Карточки ценою в жизнь
Маленькая, хрупкая Людмила Сергеевна с трудом передвигается по квартире на больных ногах. Вытерев слезы, она достает из секретера скудный архив. Когда ее, пятнадцатилетнюю девочку, выпускали из детдома, передали сберкнижку родителей, портреты отца и бабушки. Никаких других семейных реликвий и фотографий не сохранилось, поэтому лица матери и младшего брата представляются смутно: красивая русоволосая женщина, светлоглазый младенец, который не плакал, настолько был истощен... Потрет 36-летнего отца висит на стене в гостиной.
Старая женщина вынимает из папки два листа, разлинованных на квадратики. Это - драгоценные хлебные карточки на октябрь и ноябрь 1941 года, в каждом квадратике обозначен день и пайка - 50 граммов.
- Их вот так аккуратно, по краю отрезала раздатчица хлеба, потом так же тщательно отрезала хлебные ломтики. Пока она резала, я вся дрожала, не дай Бог, когда начнет передавать обратно, кто-то вырвет, это верная смерть всей семье, - вспоминает Людмила Сергеевна.
Но как же удалось сохранить бумаги ценою в человеческую жизнь? Женщина горестно вздыхает: "Да, эти карточки могли спасти не одного человека. Видите написанную на них фамилию? Мне их уже после войны передала знакомая блокадница. Я ей задала тот же вопрос: как удалось сохранить карточки? "А у меня мама в райкоме работала, поэтому мы почти не голодали", - ответила она мне. Отношения наши разладились, но карточки я берегу, внукам показываю, как и вот этот нагрудный знак Б000243 "Жителю блокадного Ленинграда".
Кира Лодыгина, председатель Калининградского областного общества "Жители блокадного Ленинграда":
- В 1990 году, когда была создана наша региональная общественная организация, в ней состояло свыше 1200 человек. Сегодня их в области осталось 311. Самой старой - 95 лет, это Фаина Савельевна Власова, которая первой после снятия блокады города повела трамвай по маршруту, самому "молодому" - 72. Мы каждый год отмечаем чьи-то юбилеи, в 2014-м, например, пяти нашим товарищам исполнится 90 лет. И каждый год провожаем кого-то в последний путь. Как ни странно, чаще из жизни уходят блокадные дети, пережившие лихолетье в юном возрасте, поколение постарше держится крепче, хотя их ряды тоже редеют. Все меньше и меньше остается людей, которые испытали на себе самую страшную осаду в истории человечества, длившуюся почти 900 дней, видели кошмары, когда от голода и холода на глазах у матерей умирали их дети, а дети теряли родителей, многие семьи исчезали полностью.

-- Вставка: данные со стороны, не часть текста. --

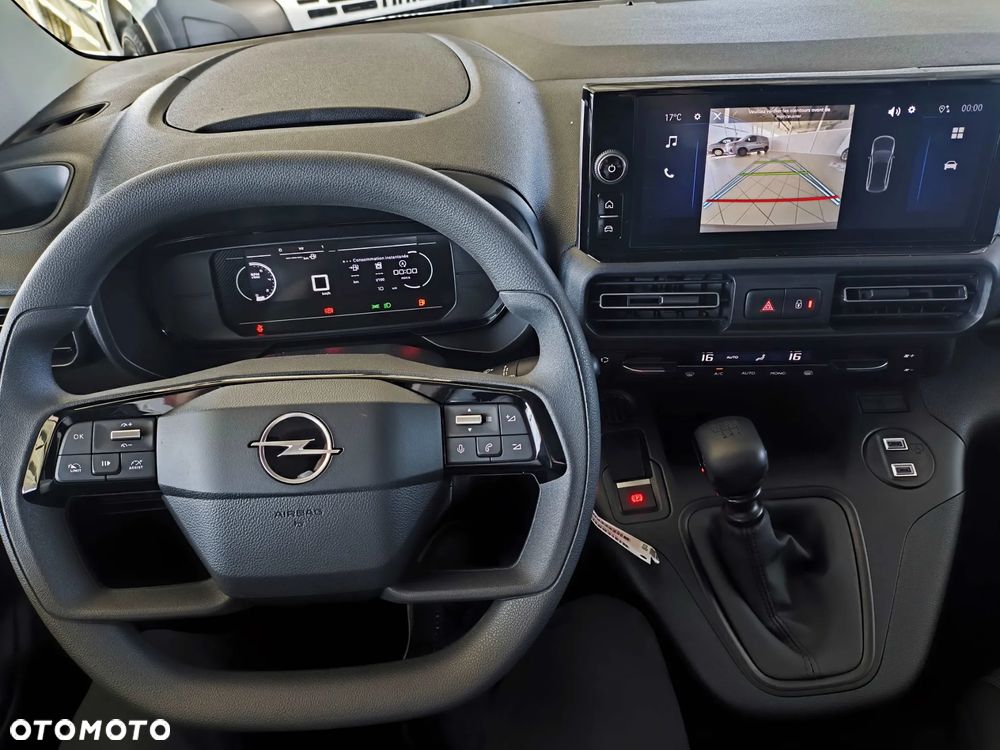 Opel Combo Załogowe 1,5TD 102 KM - 7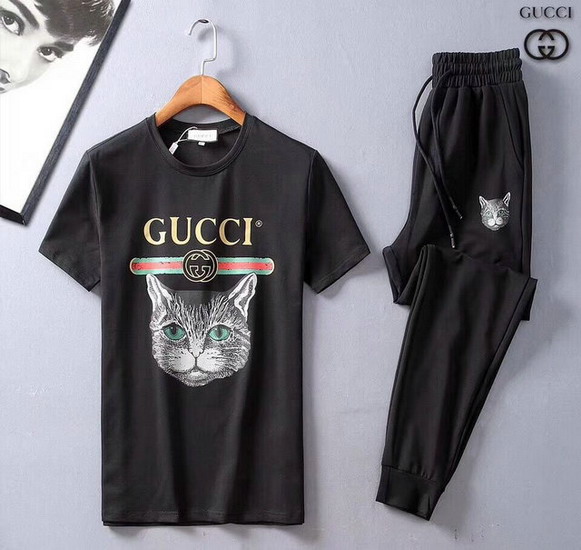 GucciセットアップTZ028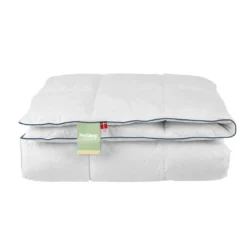 Moskusdunsdyne 150x210 cm - sval - Dansk produceret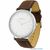 Metalluhr CLASSIC FLAT (Bild 1)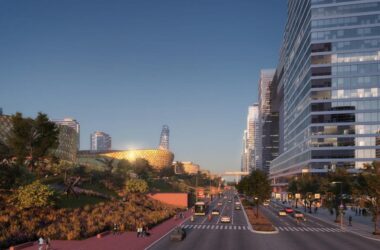 BIM建筑|最长建筑，河内龙塔方案公布 / Dewan Architects + Engineers-BIM建筑网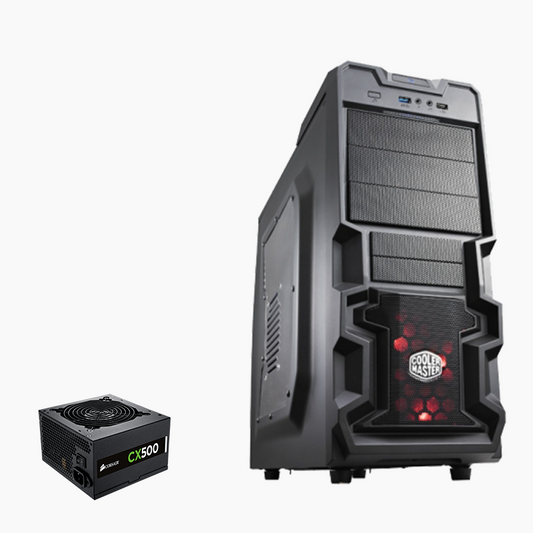 WROOMER GAMING PRO 2 1003 : CUSTOMIZE GAMING PC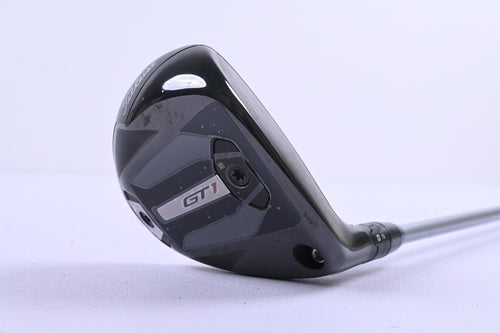 Titleist GT1 #5 Hybrid / 23 Degree / Regular Flex Fujikura Air Speeder 50 Shaft
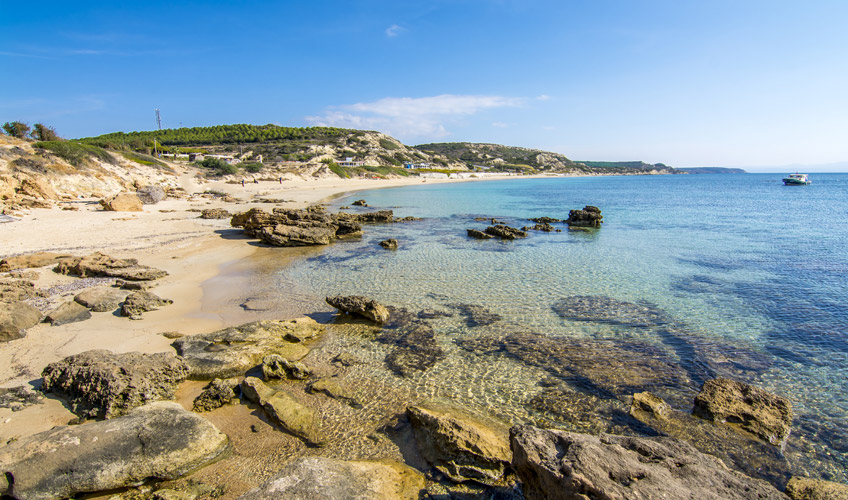 Gökçeada - Bozcaada - Assos - Kazdağları Turu-3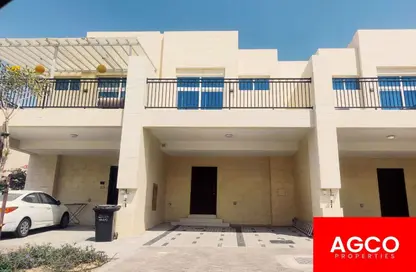 Townhouse - 3 Bedrooms - 3 Bathrooms for sale in Victoria 2 - Damac Hills 2 - Dubai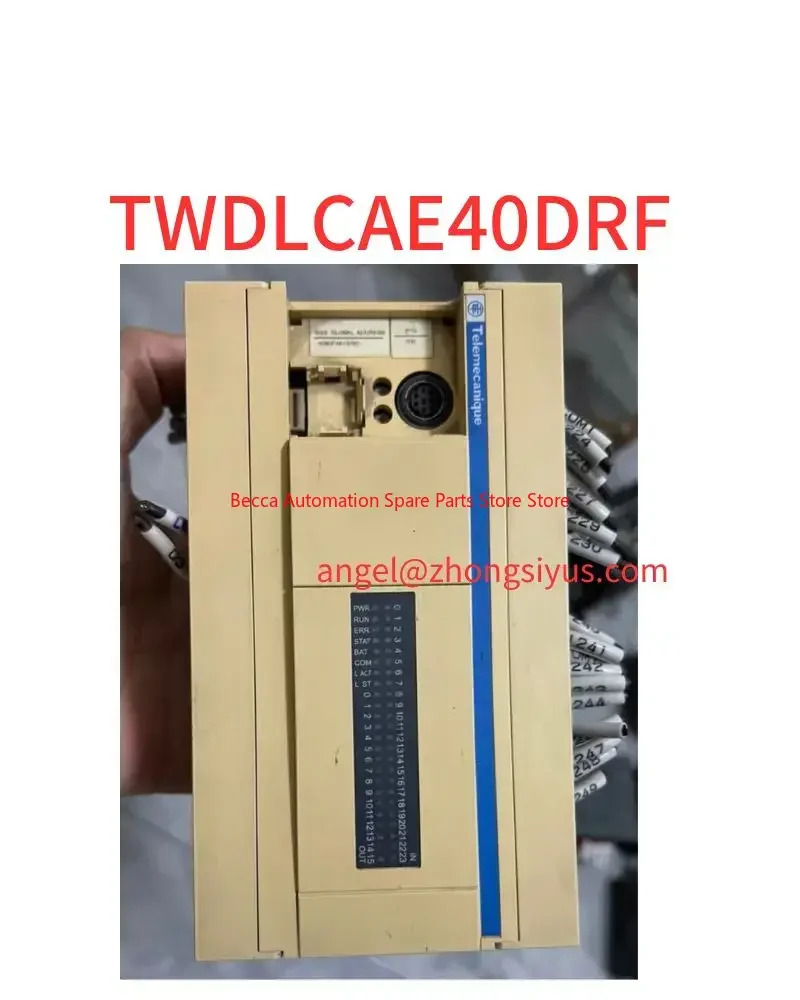 리퍼 TWDLCAE40DRF PLC 컨트롤러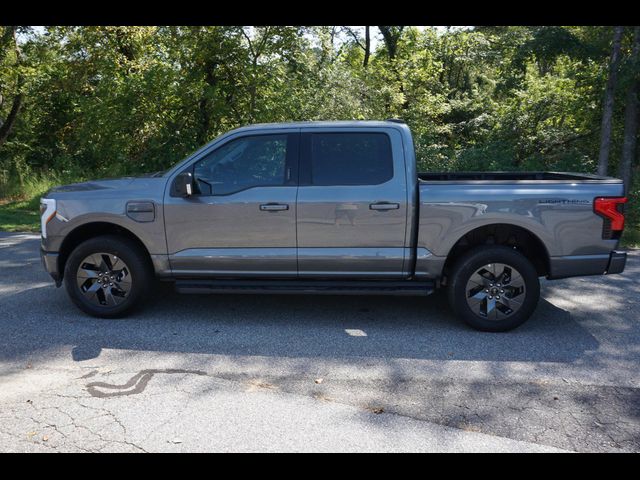 2023 Ford F-150 Lightning XLT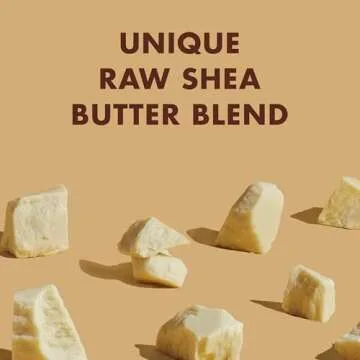 SheaMoisture Restorative Conditioner for Dry, Damaged Hair Raw Shea Butter Silicone Free Conditioner for Curly Hair 13 oz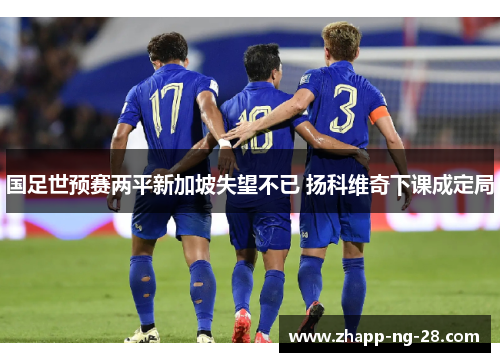 国足世预赛两平新加坡失望不已 扬科维奇下课成定局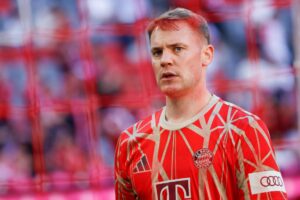 Manuel Neuer kan godt gøre sig klar til endu en slutrunde for Tyskland.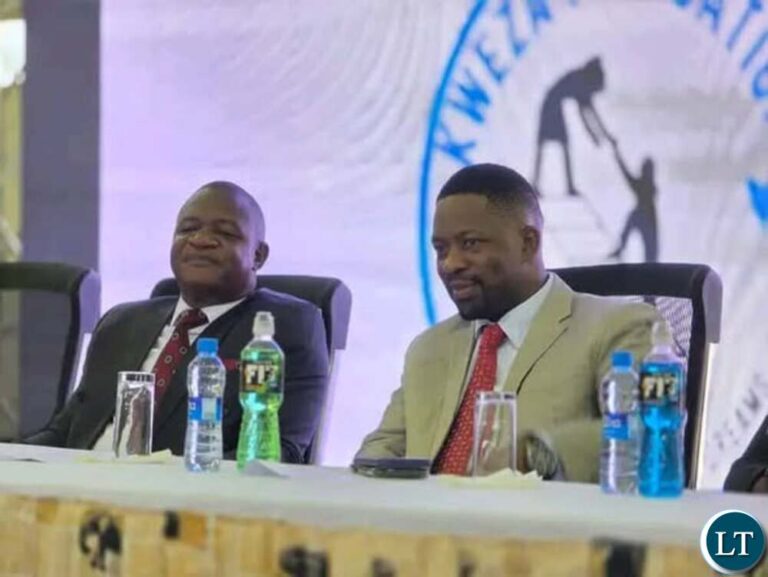 Govt engages youth in Lusaka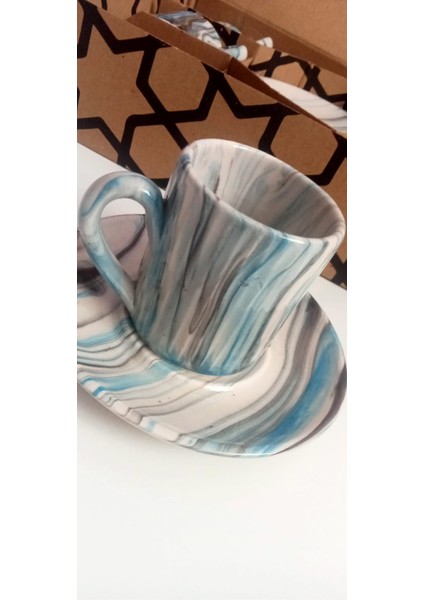 Kahve Fincanı Takımı modelleri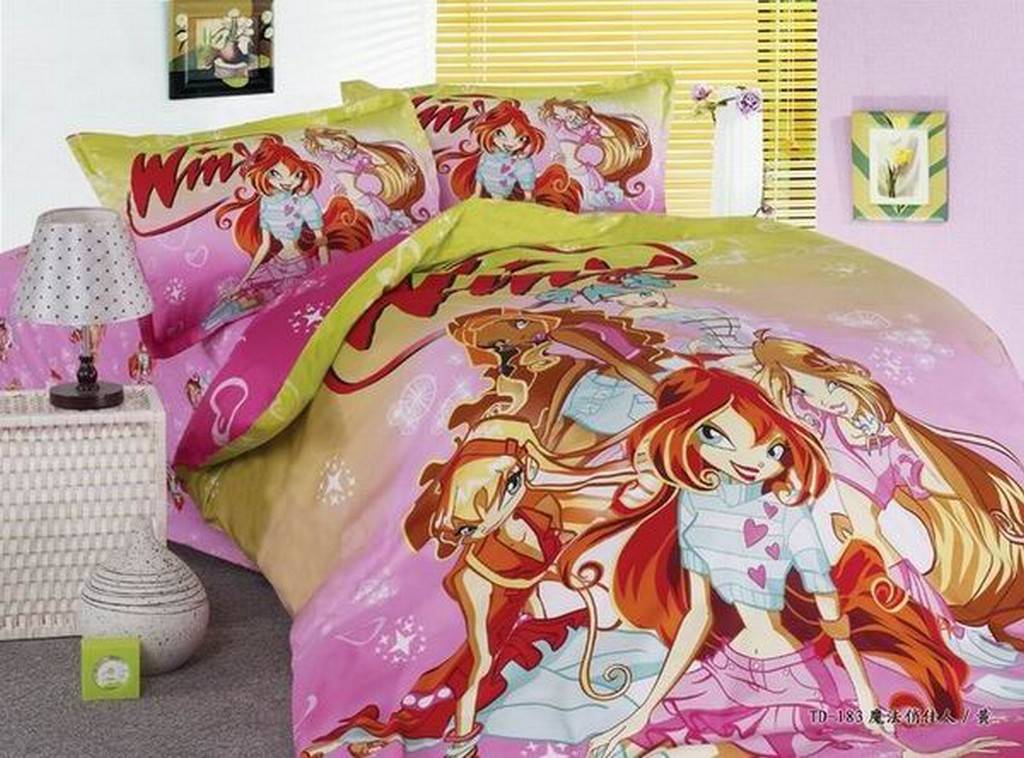

Постельное белье Shining Star SSPD485 детское Детский китай, сатин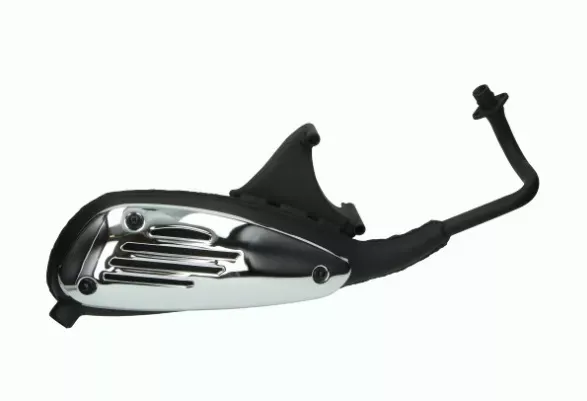 Uitlaat Vespa Sprint / Primavera / LX / Liberty 4T 2V - Origineel model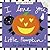 I Love You, Little Pumpkin! by Sandra Magsamen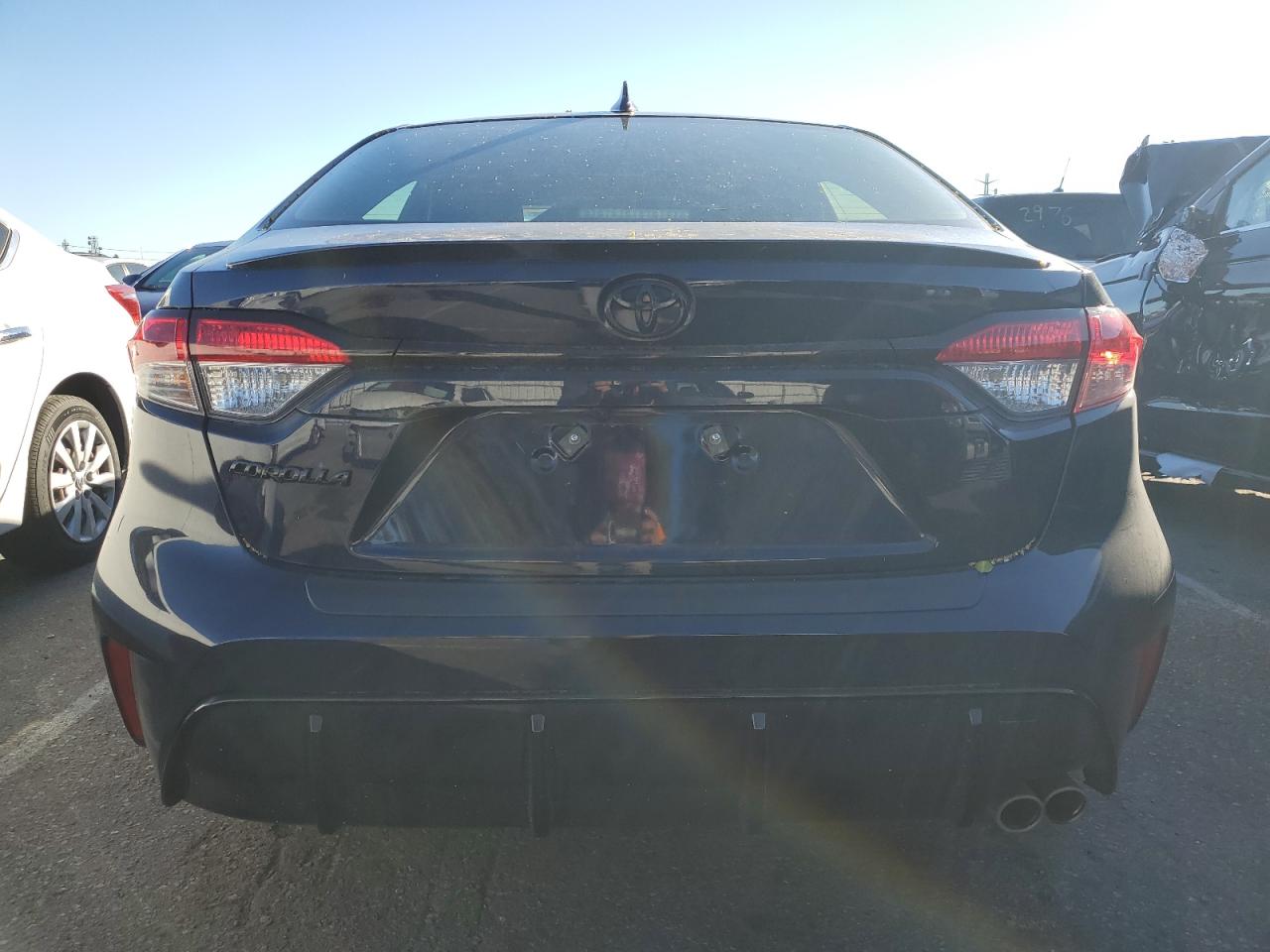 2023 TOYOTA COROLLA SE VIN:JTDP4MCE5PJ100925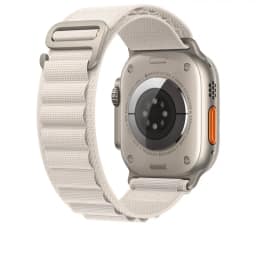 Ремешок Apple Watch Ultra 49mm Alpine Loop M, Starlight — фото 1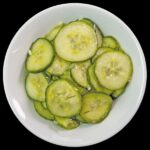 Gurkensalat klar 3kg vegan Pomberg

Бывших блокадников отличают стойкость и жизнелюбие. Это удивительные люди. Даже в своем глубоко преклонном возрасте они, если позволяет здоровье, охотно участвуют в уроках мужества, которые проходят в школах области, в культмассовых мероприятиях. Мы устраиваем для членов общества выезды на Куршскую косу, на море, проводим экскурсии по музеям, походы в драматический театр и филармонию, стараемся по мере сил никого не оставить без внимания.